Now that soon-to-be-former Washington Commanders owner has agreed in principle to sell the team to a group led by Josh Harris and includes basketball legend Earvin “Magic” Johnson, the NFL will have to look around for a new worst owner. Snyder, who experienced more team names (three) than playoff wins (two) in a tenure that started in 1999, was absolutely horrible, and you’ll see all the reasons why in a minute.

Not that Snyder is the only horrible owner in the history of professional football. It stands to reason that for every great owner over time, there have been those individuals who were in no way qualified to be in control of any franchise. Whether it was due to financial issues, the ego to believe that personnel decisions should be theirs and theirs alone, or just general incompetence and personality issues, there are those people who have controlled pro football teams when they had no qualifications to do so.

Here, for your consideration, are the worst owners in the history of professional football.

Harry Wismer, New York Titans

(Darryl Norenberg-USA TODAY Sports)

The American Football League was an unstructured mess in its early days, and nobody better personified the league’s tenuous hold on the sporting public than Wismer, the longtime sports broadcaster who became one of the AFL’s original “Foolish Club” when he got the New York Titans off the ground in 1959 for the inaugural 1960 season.

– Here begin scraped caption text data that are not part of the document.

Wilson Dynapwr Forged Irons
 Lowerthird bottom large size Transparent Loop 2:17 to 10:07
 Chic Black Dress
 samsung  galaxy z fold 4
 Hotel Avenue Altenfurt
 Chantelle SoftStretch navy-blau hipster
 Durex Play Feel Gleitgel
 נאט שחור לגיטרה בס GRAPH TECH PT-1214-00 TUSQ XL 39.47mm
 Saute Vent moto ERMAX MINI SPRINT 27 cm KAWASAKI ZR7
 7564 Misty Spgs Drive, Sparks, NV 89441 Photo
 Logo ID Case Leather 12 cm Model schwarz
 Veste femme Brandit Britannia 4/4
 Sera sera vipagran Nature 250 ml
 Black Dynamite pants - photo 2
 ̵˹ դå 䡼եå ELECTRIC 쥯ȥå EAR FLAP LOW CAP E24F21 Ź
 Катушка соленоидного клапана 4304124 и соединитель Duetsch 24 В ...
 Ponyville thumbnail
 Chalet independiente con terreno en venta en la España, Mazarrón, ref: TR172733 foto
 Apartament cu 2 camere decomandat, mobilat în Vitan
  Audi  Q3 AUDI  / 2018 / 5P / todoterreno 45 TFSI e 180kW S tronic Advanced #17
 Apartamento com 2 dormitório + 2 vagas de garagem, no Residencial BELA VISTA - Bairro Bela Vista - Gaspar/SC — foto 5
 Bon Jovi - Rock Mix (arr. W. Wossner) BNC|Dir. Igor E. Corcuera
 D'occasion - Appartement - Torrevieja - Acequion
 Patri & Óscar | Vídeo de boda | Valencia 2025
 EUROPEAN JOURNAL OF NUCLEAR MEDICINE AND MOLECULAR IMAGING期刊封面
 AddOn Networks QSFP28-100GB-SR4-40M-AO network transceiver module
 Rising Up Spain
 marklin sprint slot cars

The Titans weren’t actually a bad team in their early days — they posted 7-7 records in their first two seasons under head coach Sammy Baugh — but Wismer never had a chance to keep the team. The Titans were competing with the New York Giants for Market share, they played in the decrepit old Polo Ground, and Wismer didn’t have the money to deal with the realities of team ownership. Players and coaches used to have to race to the one bank and the one teller in the city that was authorized to cash their checks before the money ran out.

Eventually, terrified that they’d lose the team in the country’s most important market, the AFL in general set it up so that talent agent Sonny Werblin could buy the team, despite Wismer’s objections. Werblin made the team a serious endeavor with the hiring of head coach Weeb Ewbank and the signing of Joe Namath, and the New York Jets shocked the Baltimore Colts in Super Bowl III. Without the transition from Wismer to Werblin, the AFL may never have grown to the point where it could be taken seriously enough to force the 1970 merger with the NFL.

Robert Irsay, Indianapolis Colts

(Indy Star-USA TODAY NETWORK)

The gentleman seated to the right of Robert Irsay, with an expression on his face that brings to mind Mike Huckabee’s dog, is Jim Irsay, Robert Irsay’s son, and the Colts’ current owner. Jim Irsay took over the team after Robert Irsay’s death in 1997, but he — and everybody else in the Colts’ orbit — had to deal with a lot before that transition could happen. Irsay purchased majority interest in the Los Angeles Rams in 1972, then traded the team to Colts owner Carroll Rosenbloom in an even swap, so things got off to an odd start.

Irsay was famous for berating his coaches and players. He fired head coach Howard Schnellenberger eight after a loss to the Philadelphia Eagles in 1974 because Schnellenberger wouldn’t change quarterbacks in the game. Irsay’s verbal abuse of his players after a 1976 preseason loss to the Detroit Lions led to head coach Ted Marchibroda’s resignation. After players and coaches threatened to walk away from their jobs, Marchibroda was re-hired. Players were treated horribly in contract negotiations, coaches were constantly second-guessed, and eventually, Irsay moved the team to Indianapolis after the city of Baltimore passed a law that would allow the city to seize the team under the rule of eminent domain.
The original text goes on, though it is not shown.